## PROBLEM
Write out the stretch of lines below that begins at the line with "Hey, my name" and ends at the line with "So there you", including both, exactly as given and nothing more.

## RECORD EXTRACTS
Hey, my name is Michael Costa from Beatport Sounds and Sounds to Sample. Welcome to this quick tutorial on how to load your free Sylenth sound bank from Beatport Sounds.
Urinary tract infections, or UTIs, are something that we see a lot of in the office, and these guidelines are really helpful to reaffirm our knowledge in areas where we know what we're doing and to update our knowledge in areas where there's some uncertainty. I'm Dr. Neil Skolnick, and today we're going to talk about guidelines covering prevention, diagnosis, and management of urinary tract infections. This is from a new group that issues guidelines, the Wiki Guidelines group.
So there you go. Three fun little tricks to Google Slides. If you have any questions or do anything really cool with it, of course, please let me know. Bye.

* * *

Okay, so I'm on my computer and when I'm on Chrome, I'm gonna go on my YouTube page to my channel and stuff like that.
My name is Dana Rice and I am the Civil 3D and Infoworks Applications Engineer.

...

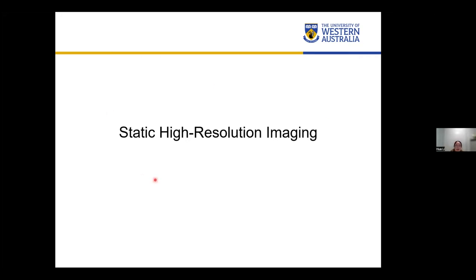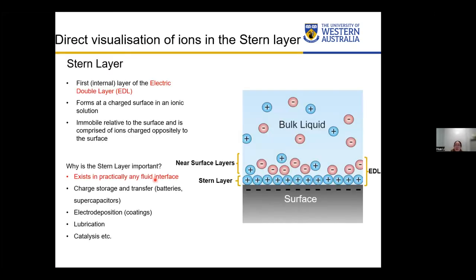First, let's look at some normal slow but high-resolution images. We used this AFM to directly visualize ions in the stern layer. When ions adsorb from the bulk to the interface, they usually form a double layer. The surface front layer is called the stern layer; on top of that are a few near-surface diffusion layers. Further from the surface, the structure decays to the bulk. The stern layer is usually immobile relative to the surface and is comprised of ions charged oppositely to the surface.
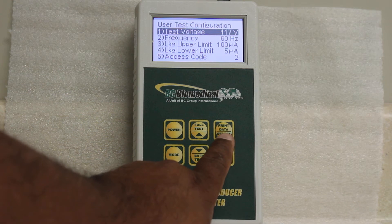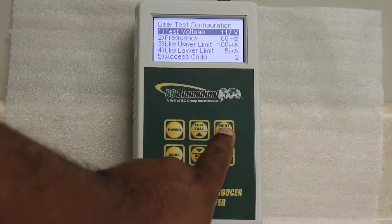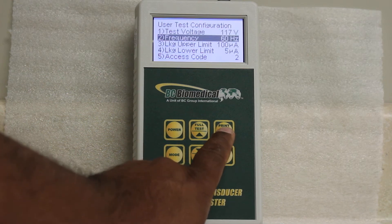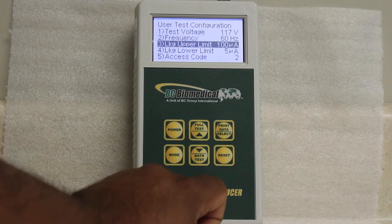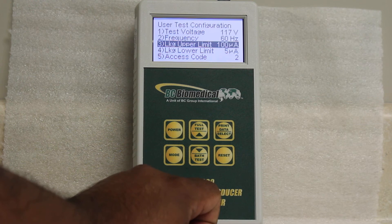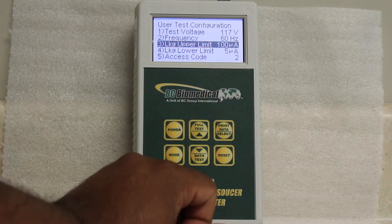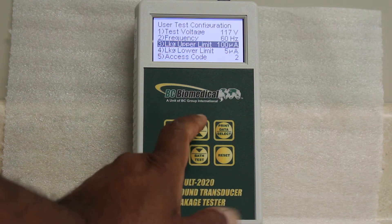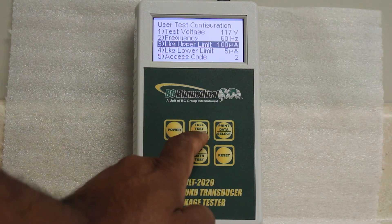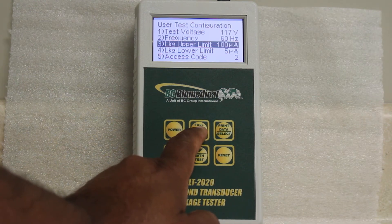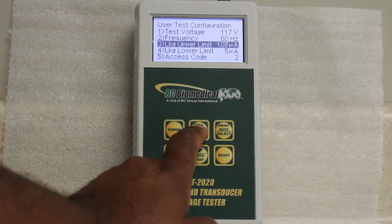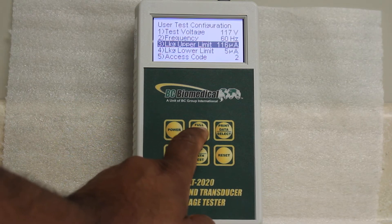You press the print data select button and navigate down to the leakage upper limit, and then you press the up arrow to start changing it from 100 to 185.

## SOLUTION BELOW
Hey, my name is Michael Costa from Beatport Sounds and Sounds to Sample. Welcome to this quick tutorial on how to load your free Sylenth sound bank from Beatport Sounds.
Urinary tract infections, or UTIs, are something that we see a lot of in the office, and these guidelines are really helpful to reaffirm our knowledge in areas where we know what we're doing and to update our knowledge in areas where there's some uncertainty. I'm Dr. Neil Skolnick, and today we're going to talk about guidelines covering prevention, diagnosis, and management of urinary tract infections. This is from a new group that issues guidelines, the Wiki Guidelines group.
So there you go. Three fun little tricks to Google Slides. If you have any questions or do anything really cool with it, of course, please let me know. Bye.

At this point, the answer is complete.